Implicit Learning, Self Regulation, and Biofeedback: Training for Trading Performance

The first post in this series took a look at implicit learning as a key element in trading performance. If trading decisions rest upon implicit (subconscious) pattern recognition, the implications for the development of trading expertise are significant:

1) Success is not just a function of finding the right data and indicators to follow, but also the ability to internalize these over time;

2) The majority of traders may fail simply because they lack sufficient consistent exposure to markets to facilitate an internalization of patterns of supply and demand;

3) Efforts at trading education that emphasize explicit learning (seminar/workshop teaching, written articles/books) cannot, by themselves, ensure trading success;

4) Most training programs for traders are not structured in a way that is designed to maximize implicit learning, as exposure to trading patterns is too brief and unstructured;

5) The most important psychological challenge in trading may be the ability to maintain a steady state in which traders have continuous access to their implicit knowledge base.

One role for biofeedback is training for maintaining this steady state. I've used heart rate variability feedback as one technique for sustaining "the zone". Heart rate variability has been described as an index of emotional regulation; it also appears to play a role in regulating responses to physical pain.

Talk counseling is limited in its ability to help traders achieve cognitive and emotional self-regulation in the face of risk and uncertainty. Biofeedback, utilized in real time in the context of making trading decisions, offers objective measurement of a trader's ability to perform in the zone and--most important--can aid in building the capacity to sustain self-regulation.

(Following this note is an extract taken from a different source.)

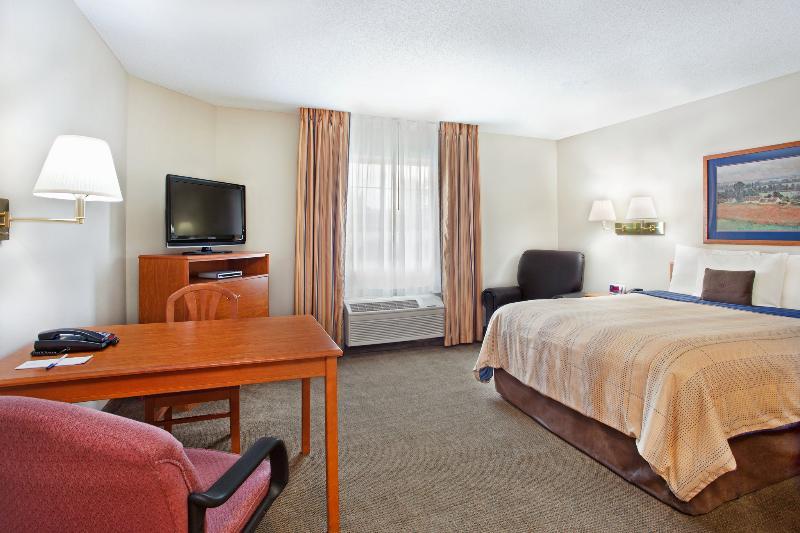 Candlewood Suites Huntersville-Lake Norman Area By Ihg Buitenkant foto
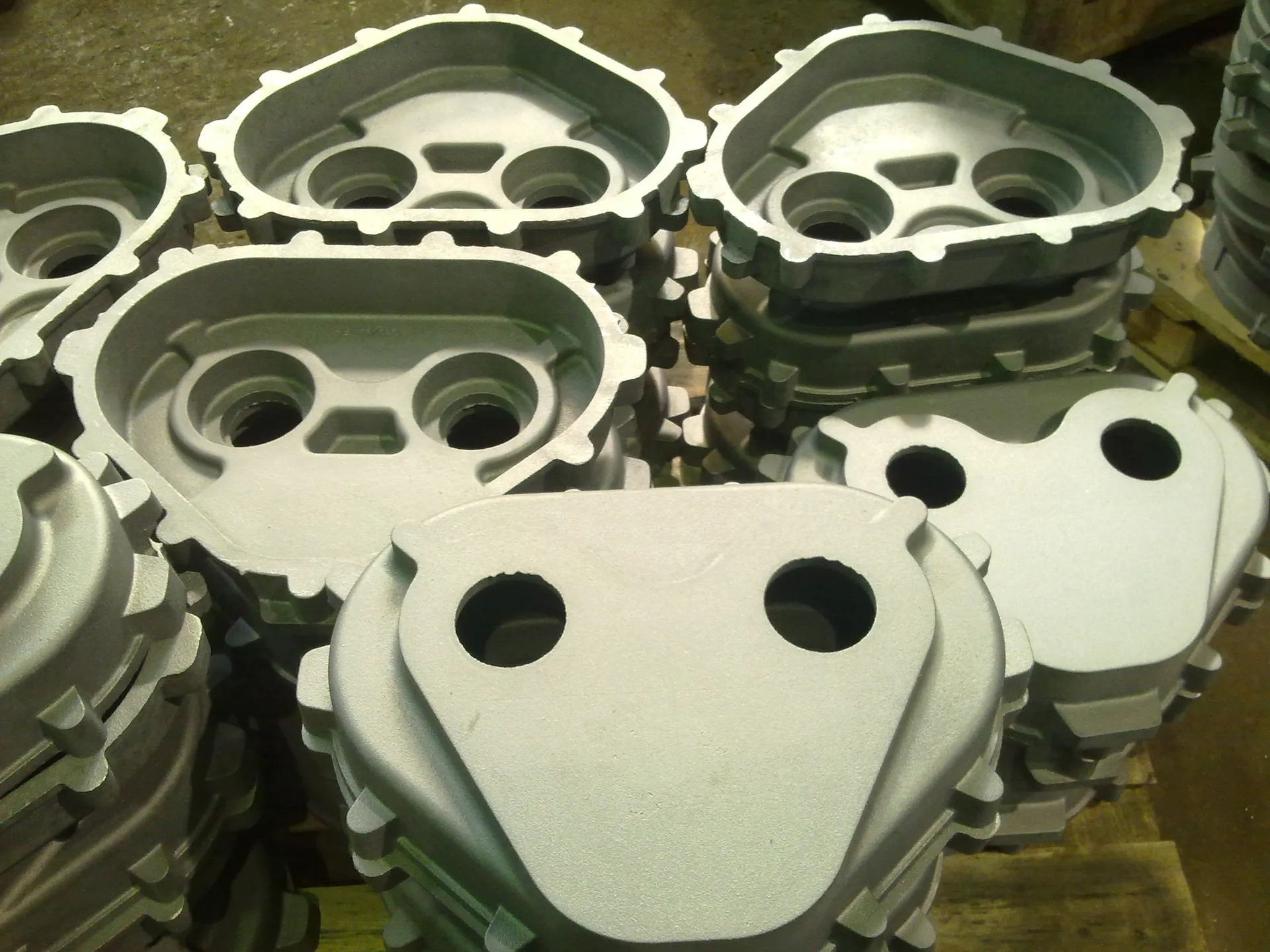 Gearbox for agricultural machines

The premise of biofeedback is that, if you can regulate mind and body in real time, you are better able to guide and control the decisions you make, even in stressful circumstances. In this context, discipline begins with very basic elements of self control: control of breathing, focusing of concentration, and physical control.

Perhaps just as important, the ability to sustain the self-regulating zone is also likely to facilitate implicit learning itself. Freed of distractions, we're more likely to internalize trading patterns effectively and efficiently. Much of the effective training of traders may consist of training in self regulation, particularly under the challenging conditions of decision making under conditions of heightened risk, reward, and uncertainty.